((

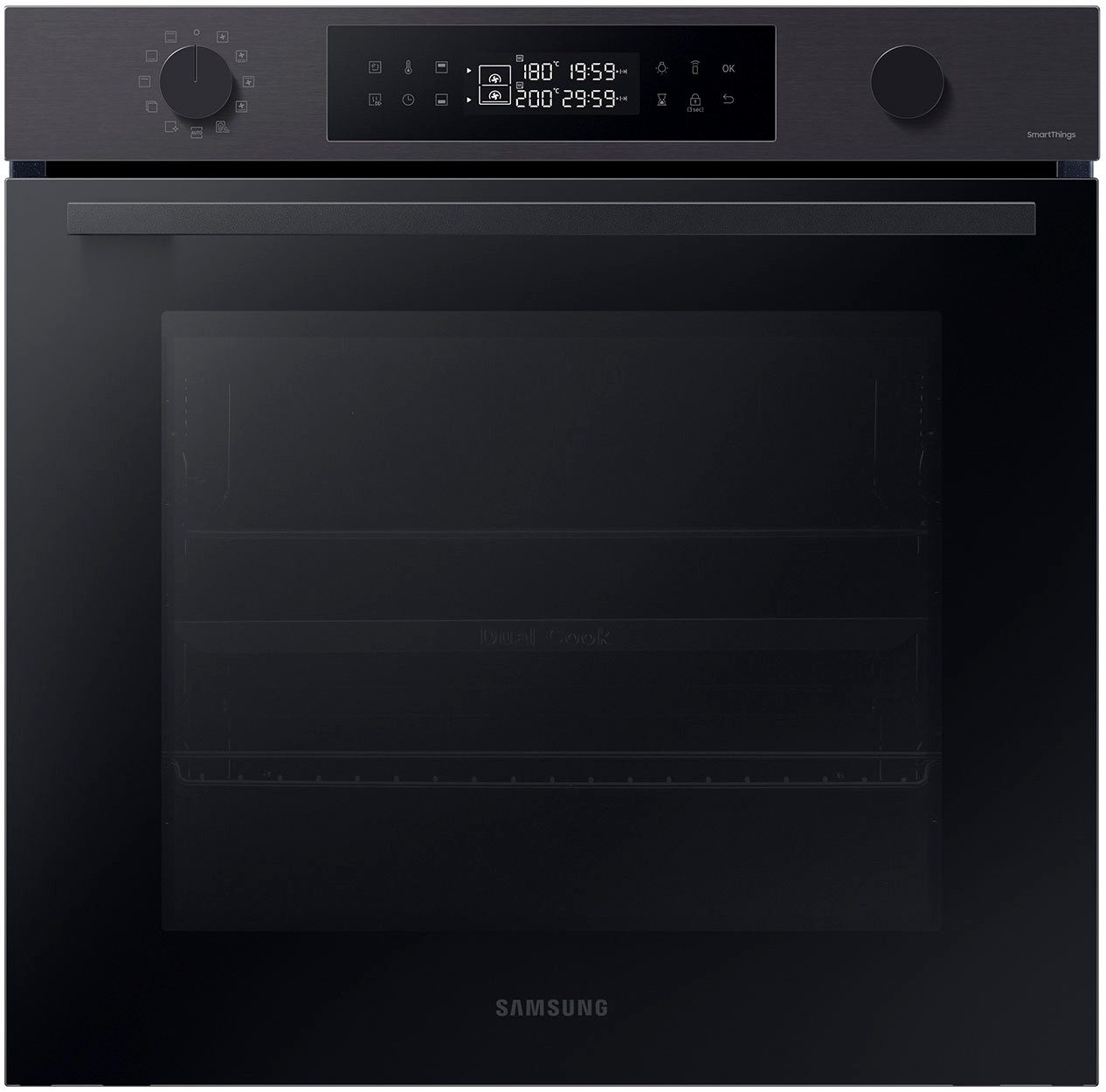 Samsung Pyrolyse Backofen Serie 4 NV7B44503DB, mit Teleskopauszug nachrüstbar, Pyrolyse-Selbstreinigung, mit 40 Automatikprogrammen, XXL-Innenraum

))
((

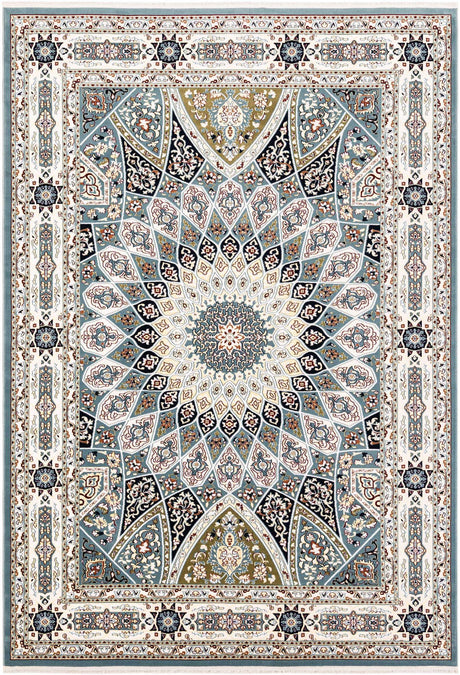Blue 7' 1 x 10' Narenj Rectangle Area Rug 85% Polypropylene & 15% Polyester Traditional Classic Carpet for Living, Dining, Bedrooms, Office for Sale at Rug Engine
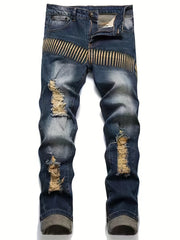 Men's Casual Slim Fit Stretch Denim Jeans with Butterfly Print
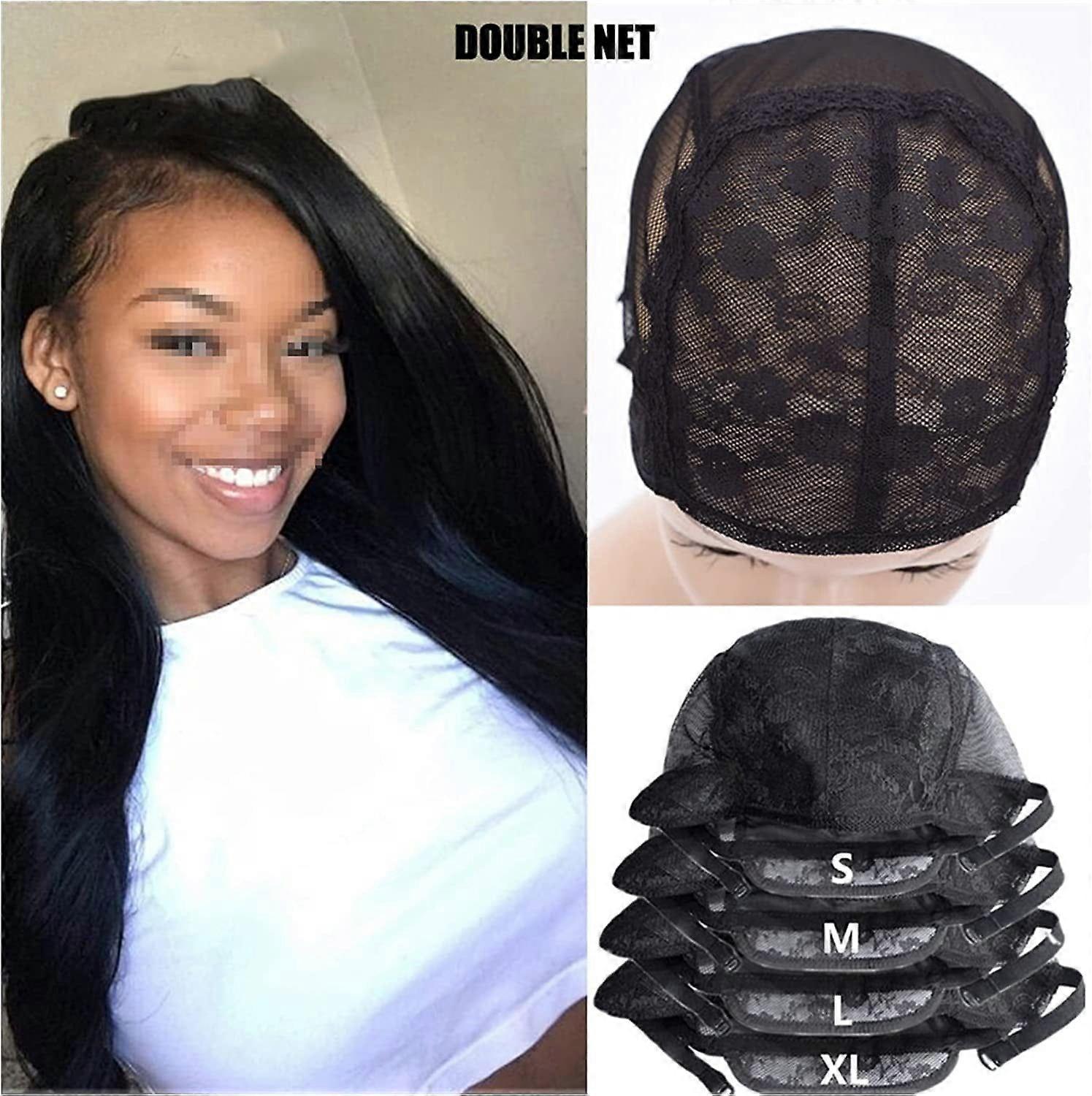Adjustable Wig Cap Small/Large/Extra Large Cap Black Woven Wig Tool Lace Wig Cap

))

### Work required
The material above holds pictures; leave them out. Repeat exactly the lines from the one containing "Blue 7' 1 x" through the one containing "Adjustable Wig Cap", and nothing else.

### Solved exercise
Blue 7' 1 x 10' Narenj Rectangle Area Rug 85% Polypropylene & 15% Polyester Traditional Classic Carpet for Living, Dining, Bedrooms, Office for Sale at Rug Engine
 Men's Casual Slim Fit Stretch Denim Jeans with Butterfly Print
Adjustable Wig Cap Small/Large/Extra Large Cap Black Woven Wig Tool Lace Wig Cap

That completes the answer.